The special moment to say no to the Cult of Rajavi

Imagine terrorist extremists attacking European citizens, cutting their throats with knife, breaking their hands, removing their eyes with fingers, and tearing their mouth open. Even imagining such scenes seems horrific but there are some people out there who have been trained to do so. A large group of these trained terrorists are members of the Mujahedin Khalq Organization (the MKO/ MEK/ PMOI/the Cult of Rajavi). Coincidently, they live in Europe now.

The recent report published by Der Spiegel revealed the above-mentioned horrific facts about the evil of the MKO. The history of the MKO has proved that committing such violent acts is not far from the background of the group. There are numerous reports and testimonies on the MKO’s armed and unarmed violence.
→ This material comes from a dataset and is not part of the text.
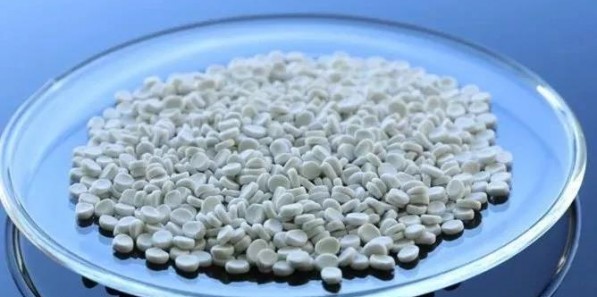 PE吹塑薄膜 從選料到工藝參數(shù)控制，都是精華！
Today, there are hundreds of people in the MKO camp in Albania who have been trained to commit these evil deeds whenever they deem them necessary. One may wonder what makes such brutal trainings as ordinary routine choirs of a community.
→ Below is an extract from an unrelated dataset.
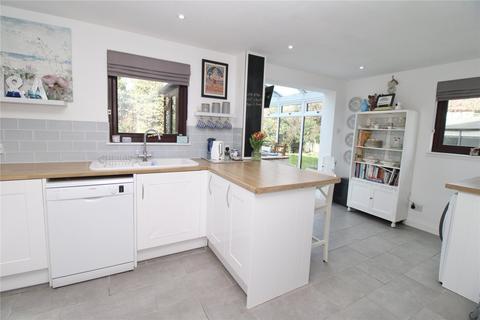 10 Beck Close, Rendlesham, Woodbridge, IP12 2UE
The German born prominent philosopher Hannah Arendt is best known for her works on the problem of “evil”. Can one do evil without being evil? This was the puzzling question that she grappled with when she reported for The New Yorker in 1961 on the war crimes trial of Adolph Eichmann, the Nazi operative responsible for organizing the transportation of millions of Jews and others to various concentration camps.
Arendt was remarkably sensitive about some of the deepest problems, confusions and dangerous tendencies in modern political life, many of them still with us today. The suffocating atmosphere of the MKO camps –where members have to pressure their peers abusing them verbally and physically in their everyday life and are always prepared to attack outsiders —is a significant example of complex and dangerous tendencies within a community in the modern world.
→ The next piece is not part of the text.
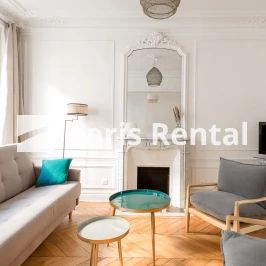 1 chambre, Péreire Paris 17e - Photo 3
Arendt believes that all aspects of the life under the totalitarian ruling systems are controlled by the totalitarian leaders. The evil of the dictatorship leads the followers to an abyss in which they practically lose their mental power. According to her, conscience of the citizens in a dictatorship is paralyzed; they lose their individuality.
This process has been the exact mechanism that has been used in the MKO.

The most recent defector of the MKO in Albania, Hadi Sani Khani admits that once he was an MKO member, he was like a robot, not able to choose for a moment of his private life. “We were brainwashed in daily meetings, our minds had to be drained of any personal thoughts during daily and weekly brainwashing sessions,” he says.

Actually, totalitarianism has sickened members in a dangerous way that they submit to the decisions that the dictator (in this case Massoud Rajavi) makes for them. Members believe in what the top of the hierarchy says. They think that Massoud and Maryam Rajavi are protectors of their rights and interests. “Massoud Rajavi was idolized like a prophet, a god for us,” Sani Khani says.
Hanna Arendt thinks that the evil-seized members are in return the factors to consolidate the absolute power of the dictator. “In politics obedience and support are the same”, she suggests. To break this awkward equation, she suggests a deep inner conversation that awakes the individuality of the citizen.
Those who defect the MKO definitely had experienced the unique moment that they gained the ability to have this inner conversation. This special moment is usually declared in the firsthand accounts of former members’ testimonies. For instance, former member of the group Bahman Azami, speaks of the moment he saw some children playing in the park over the walls of the MKO’s camp in Tirana, Albania. The kids took his mind to the life outside the group. He was eventually punished by his female commandant for he had broken the regulations of the cult that forbids thinking about normal life. However, the inner conversation had started for Bahman. He started doubting the group’s cause questioning himself for all the years of his life he had lost in the group and he finally left the group.
Although Massoud and Maryam Rajavi have been making efforts to remove the past and future of their followers’ lives in order to conquer their minds, we should always be hopeful for the advent of that particular moment that revives past memoirs and experiences in their minds and hearts that will inspire their willingness for a normal future.